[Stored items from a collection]
# # # # # # #

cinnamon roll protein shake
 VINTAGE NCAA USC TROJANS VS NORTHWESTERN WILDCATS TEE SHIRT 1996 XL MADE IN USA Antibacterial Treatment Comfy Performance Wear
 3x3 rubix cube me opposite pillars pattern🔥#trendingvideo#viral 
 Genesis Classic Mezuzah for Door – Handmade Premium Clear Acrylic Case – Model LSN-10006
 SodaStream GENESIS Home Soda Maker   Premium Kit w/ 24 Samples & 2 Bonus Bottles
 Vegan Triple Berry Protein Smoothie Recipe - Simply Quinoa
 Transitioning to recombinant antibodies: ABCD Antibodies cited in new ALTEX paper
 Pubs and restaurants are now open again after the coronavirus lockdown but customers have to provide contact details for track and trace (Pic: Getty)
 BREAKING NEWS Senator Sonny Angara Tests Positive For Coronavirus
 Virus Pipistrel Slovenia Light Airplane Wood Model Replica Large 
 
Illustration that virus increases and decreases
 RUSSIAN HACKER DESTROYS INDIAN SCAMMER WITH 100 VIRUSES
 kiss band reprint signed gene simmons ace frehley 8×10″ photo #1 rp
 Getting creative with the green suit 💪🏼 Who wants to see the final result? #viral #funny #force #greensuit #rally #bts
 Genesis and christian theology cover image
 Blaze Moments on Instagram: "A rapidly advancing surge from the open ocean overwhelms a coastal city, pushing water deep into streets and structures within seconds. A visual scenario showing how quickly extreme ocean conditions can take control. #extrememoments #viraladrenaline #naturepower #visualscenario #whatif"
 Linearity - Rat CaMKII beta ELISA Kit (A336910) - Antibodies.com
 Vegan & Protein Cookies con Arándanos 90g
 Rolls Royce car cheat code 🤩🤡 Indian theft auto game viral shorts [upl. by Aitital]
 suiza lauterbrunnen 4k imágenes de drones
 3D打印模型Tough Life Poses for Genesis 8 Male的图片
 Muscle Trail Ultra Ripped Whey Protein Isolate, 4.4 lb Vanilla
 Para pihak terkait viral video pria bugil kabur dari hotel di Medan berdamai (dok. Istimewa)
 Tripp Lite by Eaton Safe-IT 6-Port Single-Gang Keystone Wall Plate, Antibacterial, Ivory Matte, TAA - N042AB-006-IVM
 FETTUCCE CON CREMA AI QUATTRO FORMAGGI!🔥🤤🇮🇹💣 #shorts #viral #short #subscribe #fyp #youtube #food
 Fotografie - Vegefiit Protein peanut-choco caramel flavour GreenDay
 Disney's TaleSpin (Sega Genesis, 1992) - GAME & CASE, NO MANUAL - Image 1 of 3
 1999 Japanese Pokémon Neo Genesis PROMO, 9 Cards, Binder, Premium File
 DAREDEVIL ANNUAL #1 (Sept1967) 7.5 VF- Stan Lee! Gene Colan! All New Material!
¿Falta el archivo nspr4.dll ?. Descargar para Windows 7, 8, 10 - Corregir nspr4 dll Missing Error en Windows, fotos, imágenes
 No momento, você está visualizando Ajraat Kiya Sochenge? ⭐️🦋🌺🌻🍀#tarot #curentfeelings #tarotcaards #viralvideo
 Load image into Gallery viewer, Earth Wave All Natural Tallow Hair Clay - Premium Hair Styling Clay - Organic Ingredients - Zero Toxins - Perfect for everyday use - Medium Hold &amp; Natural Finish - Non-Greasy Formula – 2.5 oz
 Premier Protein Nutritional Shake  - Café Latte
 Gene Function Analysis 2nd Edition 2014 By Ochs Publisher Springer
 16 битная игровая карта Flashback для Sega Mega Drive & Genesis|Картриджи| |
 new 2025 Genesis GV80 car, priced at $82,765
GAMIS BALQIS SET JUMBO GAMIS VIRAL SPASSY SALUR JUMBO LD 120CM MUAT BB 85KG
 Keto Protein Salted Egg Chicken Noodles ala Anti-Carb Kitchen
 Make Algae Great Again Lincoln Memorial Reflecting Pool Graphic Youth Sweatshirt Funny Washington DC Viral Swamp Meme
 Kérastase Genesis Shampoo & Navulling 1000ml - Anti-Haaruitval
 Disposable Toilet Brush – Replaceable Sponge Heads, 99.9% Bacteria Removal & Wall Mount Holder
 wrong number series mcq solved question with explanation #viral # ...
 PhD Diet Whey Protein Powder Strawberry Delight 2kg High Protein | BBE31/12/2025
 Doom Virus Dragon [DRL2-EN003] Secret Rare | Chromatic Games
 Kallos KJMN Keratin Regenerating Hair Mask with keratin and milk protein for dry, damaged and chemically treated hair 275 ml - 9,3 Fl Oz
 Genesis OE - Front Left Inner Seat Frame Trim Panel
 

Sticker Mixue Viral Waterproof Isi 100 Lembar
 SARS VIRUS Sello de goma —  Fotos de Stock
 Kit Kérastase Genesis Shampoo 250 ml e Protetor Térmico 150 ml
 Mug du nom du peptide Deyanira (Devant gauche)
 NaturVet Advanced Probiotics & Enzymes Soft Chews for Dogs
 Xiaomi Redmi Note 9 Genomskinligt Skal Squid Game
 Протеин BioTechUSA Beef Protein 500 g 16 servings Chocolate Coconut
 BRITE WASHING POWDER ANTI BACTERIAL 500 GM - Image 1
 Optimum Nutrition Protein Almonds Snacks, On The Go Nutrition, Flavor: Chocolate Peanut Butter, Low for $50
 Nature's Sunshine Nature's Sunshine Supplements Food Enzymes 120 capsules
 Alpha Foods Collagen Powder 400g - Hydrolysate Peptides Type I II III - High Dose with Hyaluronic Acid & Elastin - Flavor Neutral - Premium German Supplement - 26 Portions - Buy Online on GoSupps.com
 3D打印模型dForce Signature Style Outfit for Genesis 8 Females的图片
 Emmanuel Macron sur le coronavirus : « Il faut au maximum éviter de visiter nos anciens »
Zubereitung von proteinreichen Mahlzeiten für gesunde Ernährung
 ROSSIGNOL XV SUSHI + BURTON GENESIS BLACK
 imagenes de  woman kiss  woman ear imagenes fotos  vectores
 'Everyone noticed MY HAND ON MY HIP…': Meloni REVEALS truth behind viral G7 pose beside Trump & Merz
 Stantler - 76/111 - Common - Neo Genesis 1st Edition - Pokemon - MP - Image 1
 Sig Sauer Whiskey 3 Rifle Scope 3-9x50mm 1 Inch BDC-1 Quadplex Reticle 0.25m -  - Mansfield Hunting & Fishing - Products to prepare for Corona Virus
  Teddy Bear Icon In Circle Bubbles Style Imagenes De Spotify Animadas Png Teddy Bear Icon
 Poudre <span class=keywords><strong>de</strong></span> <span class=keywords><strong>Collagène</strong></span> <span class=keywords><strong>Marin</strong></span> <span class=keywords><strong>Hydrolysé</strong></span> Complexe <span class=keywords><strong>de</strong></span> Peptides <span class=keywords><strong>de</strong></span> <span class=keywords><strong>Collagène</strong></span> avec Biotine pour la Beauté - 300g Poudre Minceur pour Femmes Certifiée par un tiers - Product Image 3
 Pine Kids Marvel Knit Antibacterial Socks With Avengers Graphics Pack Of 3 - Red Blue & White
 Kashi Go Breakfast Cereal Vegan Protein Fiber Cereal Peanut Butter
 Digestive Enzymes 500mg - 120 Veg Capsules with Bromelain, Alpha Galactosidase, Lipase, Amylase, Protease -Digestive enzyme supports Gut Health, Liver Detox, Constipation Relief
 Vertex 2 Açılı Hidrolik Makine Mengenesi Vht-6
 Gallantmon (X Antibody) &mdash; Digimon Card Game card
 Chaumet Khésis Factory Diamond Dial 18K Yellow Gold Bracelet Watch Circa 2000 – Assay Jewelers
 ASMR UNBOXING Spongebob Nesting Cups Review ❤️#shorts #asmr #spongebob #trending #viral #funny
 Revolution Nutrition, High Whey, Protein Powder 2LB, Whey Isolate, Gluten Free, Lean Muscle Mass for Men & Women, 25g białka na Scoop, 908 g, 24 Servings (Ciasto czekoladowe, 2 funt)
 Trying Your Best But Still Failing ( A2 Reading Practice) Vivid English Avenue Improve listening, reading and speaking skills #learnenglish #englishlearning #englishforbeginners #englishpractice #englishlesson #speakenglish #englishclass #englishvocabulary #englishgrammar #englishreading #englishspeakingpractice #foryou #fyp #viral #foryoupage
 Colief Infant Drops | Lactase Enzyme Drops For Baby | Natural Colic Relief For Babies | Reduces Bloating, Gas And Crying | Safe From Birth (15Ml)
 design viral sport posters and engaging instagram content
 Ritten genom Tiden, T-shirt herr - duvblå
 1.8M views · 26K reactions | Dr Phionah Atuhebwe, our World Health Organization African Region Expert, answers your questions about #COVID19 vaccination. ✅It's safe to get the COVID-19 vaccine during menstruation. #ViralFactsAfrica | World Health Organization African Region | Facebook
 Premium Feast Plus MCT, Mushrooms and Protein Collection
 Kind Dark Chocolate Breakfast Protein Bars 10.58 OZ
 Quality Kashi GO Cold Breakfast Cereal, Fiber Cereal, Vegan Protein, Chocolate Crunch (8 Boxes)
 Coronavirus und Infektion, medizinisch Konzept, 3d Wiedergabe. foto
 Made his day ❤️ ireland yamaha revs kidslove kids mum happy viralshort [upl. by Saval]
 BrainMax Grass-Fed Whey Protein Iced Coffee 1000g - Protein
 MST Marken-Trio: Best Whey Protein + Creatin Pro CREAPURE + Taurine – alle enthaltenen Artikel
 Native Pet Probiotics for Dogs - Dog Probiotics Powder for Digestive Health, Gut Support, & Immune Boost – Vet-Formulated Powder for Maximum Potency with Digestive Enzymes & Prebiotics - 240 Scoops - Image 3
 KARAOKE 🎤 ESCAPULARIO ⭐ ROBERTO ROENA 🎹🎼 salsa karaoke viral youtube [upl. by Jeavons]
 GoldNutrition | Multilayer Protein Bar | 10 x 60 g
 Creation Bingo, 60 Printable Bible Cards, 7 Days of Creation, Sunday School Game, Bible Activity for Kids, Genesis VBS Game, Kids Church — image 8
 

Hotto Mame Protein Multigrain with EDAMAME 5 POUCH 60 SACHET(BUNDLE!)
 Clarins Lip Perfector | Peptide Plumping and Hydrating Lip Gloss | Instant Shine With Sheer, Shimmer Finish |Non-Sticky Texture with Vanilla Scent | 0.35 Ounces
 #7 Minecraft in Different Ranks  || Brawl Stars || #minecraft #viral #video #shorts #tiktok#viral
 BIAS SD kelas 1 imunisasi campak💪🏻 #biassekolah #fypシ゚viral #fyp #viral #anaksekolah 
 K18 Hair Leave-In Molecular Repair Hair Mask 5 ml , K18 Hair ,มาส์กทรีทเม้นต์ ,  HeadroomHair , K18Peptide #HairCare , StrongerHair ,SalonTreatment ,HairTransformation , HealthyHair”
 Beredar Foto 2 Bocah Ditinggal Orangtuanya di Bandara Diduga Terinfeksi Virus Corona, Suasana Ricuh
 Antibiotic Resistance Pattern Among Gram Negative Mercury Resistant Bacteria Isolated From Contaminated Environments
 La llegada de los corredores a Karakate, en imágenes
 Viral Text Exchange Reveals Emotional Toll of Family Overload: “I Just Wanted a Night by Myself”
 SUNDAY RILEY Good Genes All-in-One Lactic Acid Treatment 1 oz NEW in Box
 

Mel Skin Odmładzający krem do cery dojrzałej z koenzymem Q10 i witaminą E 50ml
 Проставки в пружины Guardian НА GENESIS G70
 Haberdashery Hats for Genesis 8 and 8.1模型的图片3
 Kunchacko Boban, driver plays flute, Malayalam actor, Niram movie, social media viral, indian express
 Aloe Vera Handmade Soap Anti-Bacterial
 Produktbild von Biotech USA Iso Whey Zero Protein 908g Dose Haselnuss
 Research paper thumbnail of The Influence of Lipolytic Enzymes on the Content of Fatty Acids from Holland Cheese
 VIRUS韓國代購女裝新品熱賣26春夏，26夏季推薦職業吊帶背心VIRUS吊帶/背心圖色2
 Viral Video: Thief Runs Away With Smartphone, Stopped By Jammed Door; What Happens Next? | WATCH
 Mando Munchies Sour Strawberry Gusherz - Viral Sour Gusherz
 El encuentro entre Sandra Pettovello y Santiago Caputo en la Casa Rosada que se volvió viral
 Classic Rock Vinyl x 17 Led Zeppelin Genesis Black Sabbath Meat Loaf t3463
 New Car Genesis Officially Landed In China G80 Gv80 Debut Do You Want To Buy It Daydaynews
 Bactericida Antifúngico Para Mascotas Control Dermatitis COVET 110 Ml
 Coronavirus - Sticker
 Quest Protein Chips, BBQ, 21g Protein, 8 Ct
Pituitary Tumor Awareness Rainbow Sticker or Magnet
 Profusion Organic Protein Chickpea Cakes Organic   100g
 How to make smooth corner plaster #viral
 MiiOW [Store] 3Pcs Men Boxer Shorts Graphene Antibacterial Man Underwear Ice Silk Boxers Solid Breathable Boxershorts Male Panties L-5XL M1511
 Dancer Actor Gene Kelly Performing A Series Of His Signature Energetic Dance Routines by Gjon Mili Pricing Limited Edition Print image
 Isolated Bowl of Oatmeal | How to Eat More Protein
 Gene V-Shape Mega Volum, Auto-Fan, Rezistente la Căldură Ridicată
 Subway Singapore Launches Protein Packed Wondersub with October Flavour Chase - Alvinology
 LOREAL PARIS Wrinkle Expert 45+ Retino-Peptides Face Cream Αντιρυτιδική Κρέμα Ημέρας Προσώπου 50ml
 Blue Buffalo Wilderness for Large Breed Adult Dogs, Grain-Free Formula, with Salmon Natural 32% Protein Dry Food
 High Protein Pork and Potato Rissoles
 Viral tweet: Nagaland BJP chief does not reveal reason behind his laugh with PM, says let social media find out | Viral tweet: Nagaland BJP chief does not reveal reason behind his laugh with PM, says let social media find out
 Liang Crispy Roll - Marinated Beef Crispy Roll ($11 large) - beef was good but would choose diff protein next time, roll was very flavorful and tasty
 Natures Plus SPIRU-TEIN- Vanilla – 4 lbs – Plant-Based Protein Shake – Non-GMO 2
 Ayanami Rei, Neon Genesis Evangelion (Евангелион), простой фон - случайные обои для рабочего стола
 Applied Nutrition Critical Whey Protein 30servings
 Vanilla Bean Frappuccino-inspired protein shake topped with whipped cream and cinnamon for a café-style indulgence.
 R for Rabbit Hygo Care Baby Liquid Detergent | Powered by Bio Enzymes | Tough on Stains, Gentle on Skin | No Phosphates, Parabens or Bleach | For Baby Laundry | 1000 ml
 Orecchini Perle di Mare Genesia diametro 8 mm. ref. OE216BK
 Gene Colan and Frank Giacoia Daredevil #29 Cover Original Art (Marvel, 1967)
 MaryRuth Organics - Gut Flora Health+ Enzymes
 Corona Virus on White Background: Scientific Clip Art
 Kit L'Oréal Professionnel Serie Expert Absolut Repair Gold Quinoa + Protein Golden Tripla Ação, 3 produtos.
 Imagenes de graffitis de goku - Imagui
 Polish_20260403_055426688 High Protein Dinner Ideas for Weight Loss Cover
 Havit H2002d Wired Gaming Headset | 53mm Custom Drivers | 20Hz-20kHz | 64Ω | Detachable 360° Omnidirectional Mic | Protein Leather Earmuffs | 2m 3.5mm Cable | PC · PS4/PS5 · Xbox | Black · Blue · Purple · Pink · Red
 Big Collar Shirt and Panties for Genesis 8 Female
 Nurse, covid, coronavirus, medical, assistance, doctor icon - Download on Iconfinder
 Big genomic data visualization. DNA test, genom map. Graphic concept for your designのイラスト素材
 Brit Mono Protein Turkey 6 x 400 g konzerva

# # # # # # #

### WORK REQUIRED
Copy the lines above exactly. Start with the line containing "suiza lauterbrunnen 4k imágenes de drones", end with the line containing "DAREDEVIL ANNUAL #1", and include both.

### ANSWER
 suiza lauterbrunnen 4k imágenes de drones
 3D打印模型Tough Life Poses for Genesis 8 Male的图片
 Muscle Trail Ultra Ripped Whey Protein Isolate, 4.4 lb Vanilla
 Para pihak terkait viral video pria bugil kabur dari hotel di Medan berdamai (dok. Istimewa)
 Tripp Lite by Eaton Safe-IT 6-Port Single-Gang Keystone Wall Plate, Antibacterial, Ivory Matte, TAA - N042AB-006-IVM
 FETTUCCE CON CREMA AI QUATTRO FORMAGGI!🔥🤤🇮🇹💣 #shorts #viral #short #subscribe #fyp #youtube #food
 Fotografie - Vegefiit Protein peanut-choco caramel flavour GreenDay
 Disney's TaleSpin (Sega Genesis, 1992) - GAME & CASE, NO MANUAL - Image 1 of 3
 1999 Japanese Pokémon Neo Genesis PROMO, 9 Cards, Binder, Premium File
 DAREDEVIL ANNUAL #1 (Sept1967) 7.5 VF- Stan Lee! Gene Colan! All New Material!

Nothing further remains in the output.